::: Data provided

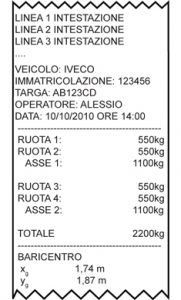 Software AF08 para indicadores 3590E - Pesagem de vários eixos - Image 2
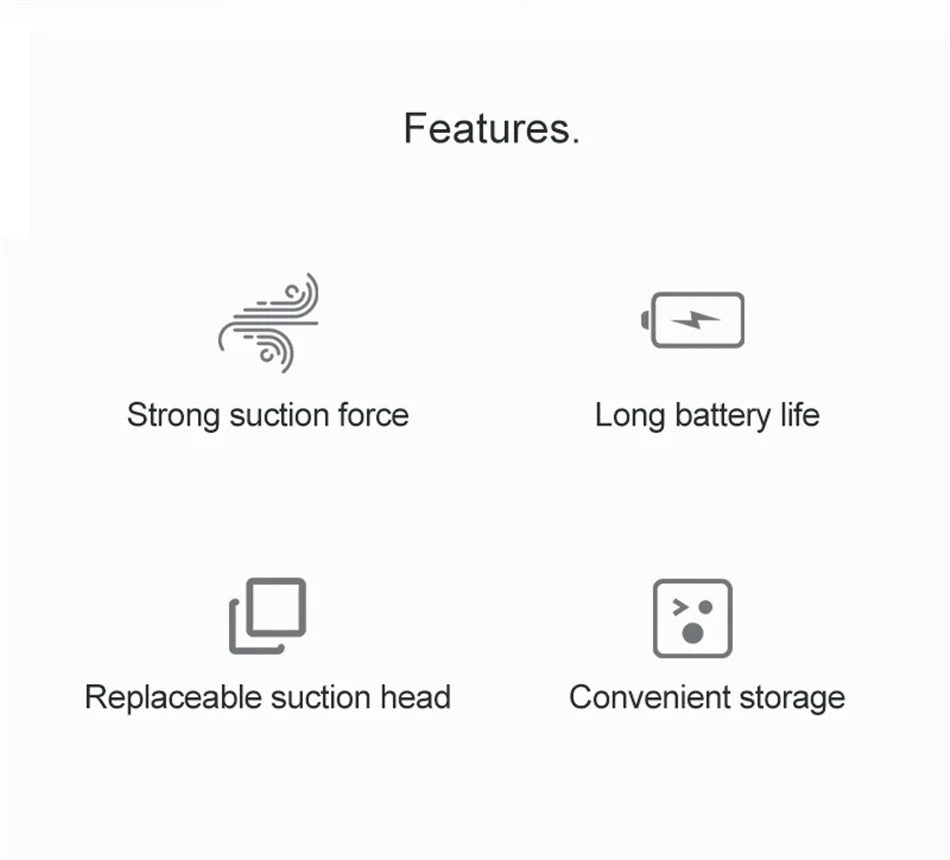 Handheld Wireless Vacuum Cleaner – 20000Pa Powerful Car Vacuum with Metal Strainer, Portable & Cordless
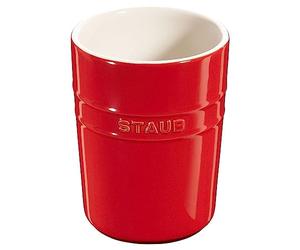STAUB Contenedor de Utensilios, 11cm, Cereza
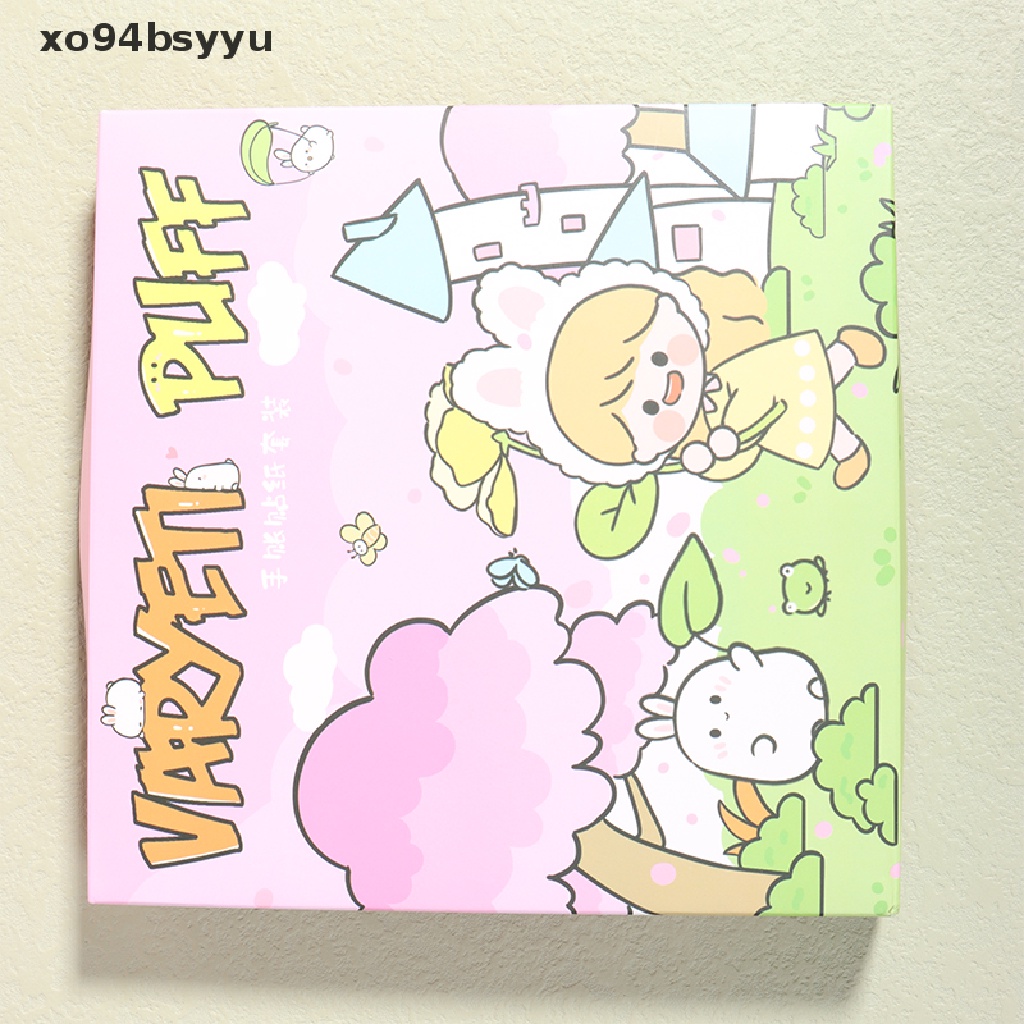 Set 100 Tấm Hình Dán 100 Trang Trí Nhật Ký / Điện Thoại / Sổ Tay xo94bsyyu Dễ Thương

::::::

### Your goal
Copy out the lines exactly as written, beginning with the one that contains "Handheld Wireless Vacuum" and ending with the last line of the material; do not include pictures.

### Expected answer
 Handheld Wireless Vacuum Cleaner – 20000Pa Powerful Car Vacuum with Metal Strainer, Portable & Cordless
STAUB Contenedor de Utensilios, 11cm, Cereza
 Set 100 Tấm Hình Dán 100 Trang Trí Nhật Ký / Điện Thoại / Sổ Tay xo94bsyyu Dễ Thương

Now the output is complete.